10 Spiritual Principles for Climate Repentance

The Elijah Board of World Religious Leaders


The leaders of the world are presently gathered in Egypt, during this time of great international tension and conflict, for the Cop-27 meeting. We support them with our deepest prayers and meditations.  Theirs is the urgent work of addressing the practical challenges of climate change and for negotiating between nations, in an attempt to help humanity resolve the climate crisis. As religious leaders we offer our voice as a contribution to the gathered leaders and to humanity. Ours is a voice of hope and unity,  grounded in a spiritual vision. From this vision, offered as common ground between diverse religions, an positive attitude to life is derived that can inform practical decisions and negotiations. It can also give hope and meaning to individuals struggling under the burden of climate anxiety, who seek to find their place and identify their responsibility at this time of crisis. We must also confront honestly the destructive habits which continue to limit the possibilities and the hopes of human beings, in a call for wake up and self-examination. With the following ten principles we seek to initiate a process of climate repentance, broader understanding, and effective action. Many practical consequences can be derived from the vision set forth here, as well as from the individual principles we offer. Our call is a call to action; and a call to return to a correct vision of the creation, the creator, and the harmonious relationship of humanity with creation.

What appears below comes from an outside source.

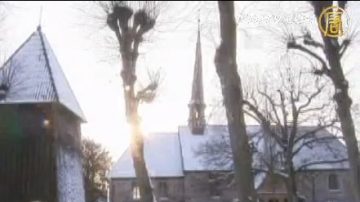 德國大雪 遊客醉心白色聖誕美景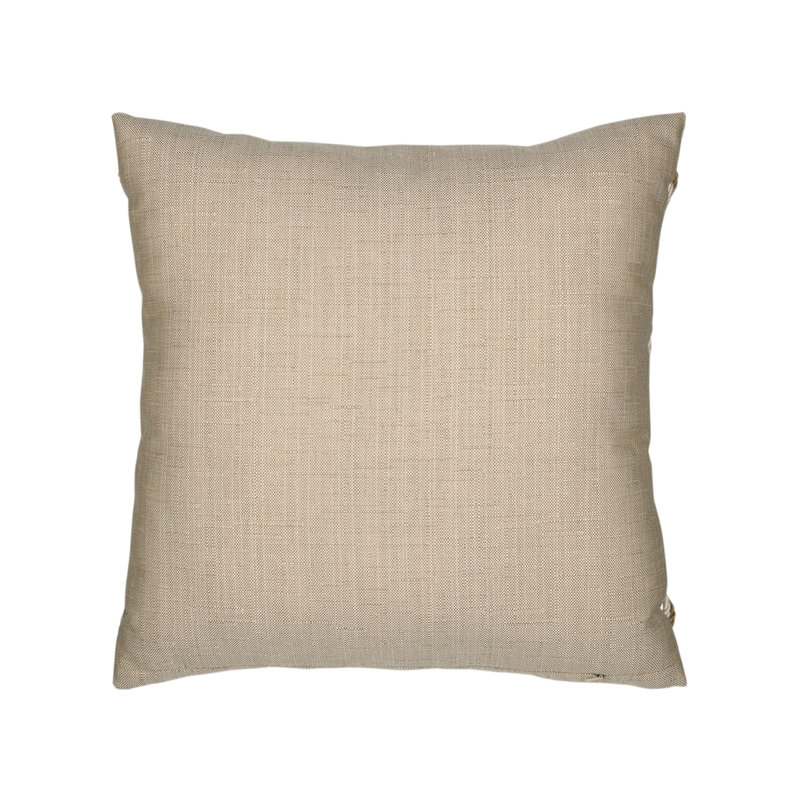 Rope Square Indoor/Outdoor Pillow Cover & Insert, Acacia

God and the world – the Nature of Being

  1. Creation is not our possession. The human person must recognize this and find his/her rightful place in relation to this fundamental fact. For some of us, this leads to a sense of gratitude for God’s gifts and for the gift of life itself, wherein humanity takes its rightful place as partner and co-creator, in advancing the life of all creation. For others,, creation itself is sacred.
    Therefore: We recognize human responsibility to love and protect nature.
  2. Creation is not simply external to God. It is, in significant ways, permeated by God’s presence and being, manifesting the divine agency and reality. Such understandings are found in all traditions, whether as the universal view or as one voice among others. Alternatively, nature is permeated by the spiritual, manifesting ultimate reality in every particle.
    Therefore: We must treat all of life with reverence.
  3. Within creation, and between humans and other parts of creation, as well as among religious communities, there is interdependence. All are part of a greater whole wherein each element both receives and gives influence, impact, love, and growth.
    Therefore: We must care for each other and the planet.

Humanity and Its Responsibilities

  1. The distinctive task of humanity is to nurture and serve this interdependent life-giving, and so to resist the temptation to exploitation, waste, and harm. Acting in the interest of human well-being cannot be something pursued in separation from working for the well-being of the whole created order. This finds two prominent expressions:
    a. Commitment to not harm creation, and the responsibility to protect it.
    b. Commitment to serve, advance, and aid in the growth and evolution of all parts of creation.
    Therefore: We recognize that we are responsible for the wellbeing of all life today, as well as for future generations.
  2. The human person has capacities that are conducive to the realization of this vision, as well as forces that are destructive. Ego, self-centeredness, greed, arrogance, and more are negative traits stemming from a limited sense of the human person. These have the potential to destroy humanity and creation. The soul, or the higher aspects of the human person, have the capacity to realize the fuller vision of humanity’s role in the broader scheme of the meaning of life and creation.
    Therefore: A disciplined spiritual life is helpful in overcoming the challenges of climate change.
  • There is an inherent relationship between the human person (within) and nature and objective reality (without). Thoughts, speech and action have the capacity to bring harm or to heal.
    Therefore: Use thought, speech and action only for the good.
  • Based on this understanding of the human person and his/her role in creation, the processes of growth, transformation, return and repentance are fundamental to human existence.
    Therefore: The human person is benefitted by the ongoing effort to purify, raise, and transform himself, in view of a higher vision.

Living in Spirituality and Responsibility

  1. There are reactions when we harm the earth and others. Actions have consequences and no action can be ignored. The weight of our actions and their short and long term consequences lead us to find ways of mitigating harmful actions and to work for the good.
    Therefore: Act knowing that every action counts.
  2. Empowered by mind, reason and spiritual understanding, we adopt a mindful and attentive view of the natural world.
    Therefore: take seriously the lessons and observations  that humanity has reached by application of its mind in scientific study and through common reason.
  3. The life of attentive, intelligent love is embodied in compassion: in openness to the pain and vulnerability of the world. Care for the other is expressed in love and compassion as fundamental spiritual principles. These are to be applied to other humans, human communities, and other parts of creation. Compassion means suffering with others – to feel the pain of the earth, of the poor, and of those who suffer the consequences of climate change. Opening our hearts to their pain will lead us to change.
    Therefore: Be sensitive to the intolerable insecurities and injustices in which so many of our fellow-humans live.